I would like to filter a numpy
array
(or pandas
DataFrame
) in a way that only continuous series of the same value with at least window_size
length is kept and everything else set to 0.
For example:
[1,1,1,0,0,1,1,1,1,0,0,1,0,0,0,1,1,1,0,1,1,1,1]
should become when using a window size of 4
[0,0,0,0,0,1,1,1,1,0,0,0,0,0,0,0,0,0,0,1,1,1,1]
I've tried using rolling_apply
and scipy.ndimage.filtes.gerneric_filter
but due to the nature of rolling kernel functions I don't think it is the right approach here (and I am stuck with it at the moment).
I insert my attempt here anyway:
import numpy as np
import pandas as pd
import scipy
#from scipy import ndimage
df= pd.DataFrame({'x':np.array([1,1,1,0,0,1,1,1,1,0,0,1,0,0,0,1,1,1,0,1,1,1,1])})
df_alt = df.copy()
def filter_df(df, colname, window_size):
rolling_func = lambda z: z.sum() >= window_size
df[colname] = pd.rolling_apply(df[colname],
window_size,
rolling_func,
min_periods=window_size/2,
center = True)
def filter_alt(df, colname, window_size):
rolling_func = lambda z: z.sum() >= window_size
return scipy.ndimage.filters.generic_filter(df[colname].values,
rolling_func,
size = window_size,
origin = 0)
window_size = 4
filter_df(df, 'x', window_size)
print df
filter_alt(df_alt, 'x', window_size)
NumPy provides n-dimensional arrays, Data Type (dtype), etc. as objects.
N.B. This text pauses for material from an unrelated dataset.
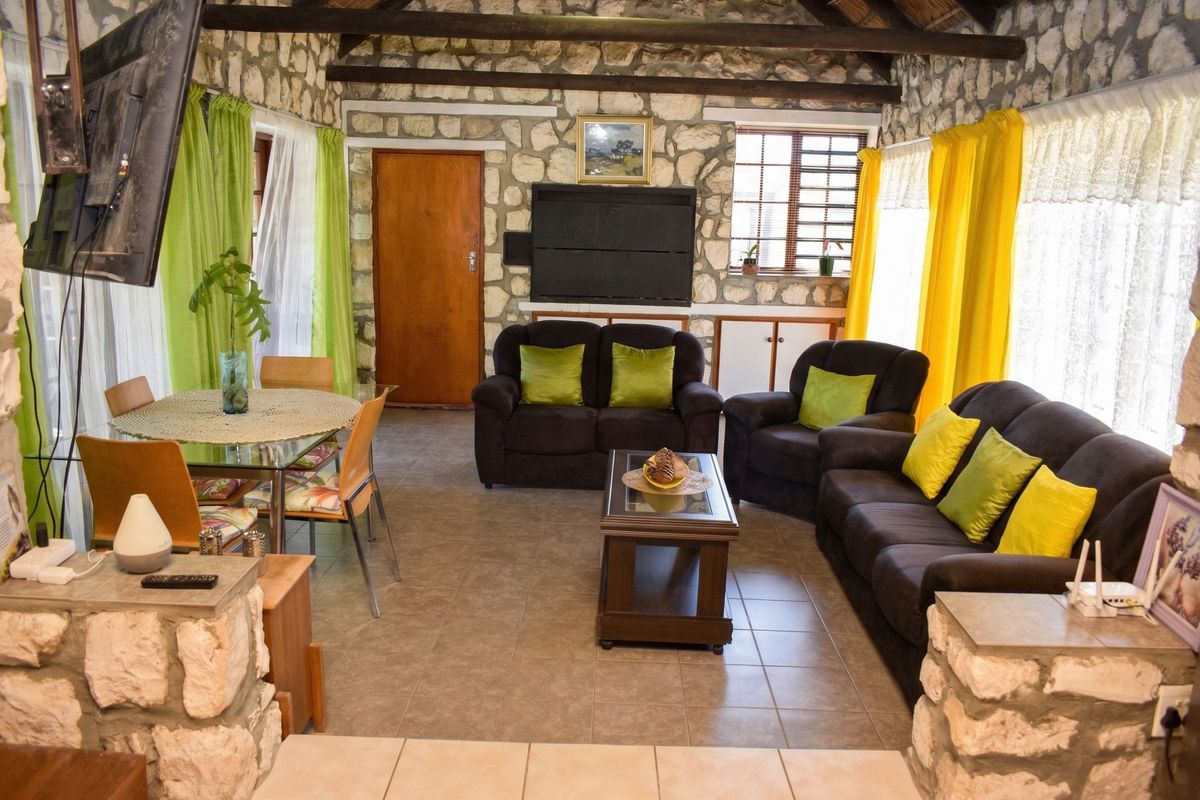 Charming Limestone Family Home in Picturesque Struisbaai! - Photo 5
The indexing of pandas series is significantly slower than the indexing of NumPy arrays. The indexing of NumPy arrays is much faster than the indexing of Pandas arrays.
If you want to do mathematical operations like a dot product, calculating mean, and some more, pandas DataFrames are generally going to be slower than a NumPy array.
NumPy uses much less memory to store data The NumPy arrays takes significantly less amount of memory as compared to python lists. It also provides a mechanism of specifying the data types of the contents, which allows further optimisation of the code.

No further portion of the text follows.